■ **Exercise requirements**:
The lines to copy run from the one containing "Talleres Empata Y" to the end of the records below; repeat them exactly and include nothing else.

Extracted records
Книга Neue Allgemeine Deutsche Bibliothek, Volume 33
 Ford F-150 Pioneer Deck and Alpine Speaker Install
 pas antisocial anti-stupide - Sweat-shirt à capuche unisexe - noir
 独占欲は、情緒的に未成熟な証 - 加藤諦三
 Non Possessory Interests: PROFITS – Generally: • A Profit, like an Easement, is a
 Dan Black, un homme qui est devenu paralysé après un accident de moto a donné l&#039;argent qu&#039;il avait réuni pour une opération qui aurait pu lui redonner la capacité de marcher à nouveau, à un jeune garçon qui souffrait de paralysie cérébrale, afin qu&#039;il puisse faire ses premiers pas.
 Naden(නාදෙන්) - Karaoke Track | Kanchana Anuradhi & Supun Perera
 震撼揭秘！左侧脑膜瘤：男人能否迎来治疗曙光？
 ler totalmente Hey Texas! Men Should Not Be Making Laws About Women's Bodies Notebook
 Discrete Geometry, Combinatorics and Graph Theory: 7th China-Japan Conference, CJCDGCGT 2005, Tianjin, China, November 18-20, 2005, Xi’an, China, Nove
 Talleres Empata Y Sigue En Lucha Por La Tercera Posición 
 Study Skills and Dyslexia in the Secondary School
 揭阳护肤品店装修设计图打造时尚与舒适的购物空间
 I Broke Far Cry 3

■ **Solution to this exercise**:
 Talleres Empata Y Sigue En Lucha Por La Tercera Posición 
 Study Skills and Dyslexia in the Secondary School
 揭阳护肤品店装修设计图打造时尚与舒适的购物空间
 I Broke Far Cry 3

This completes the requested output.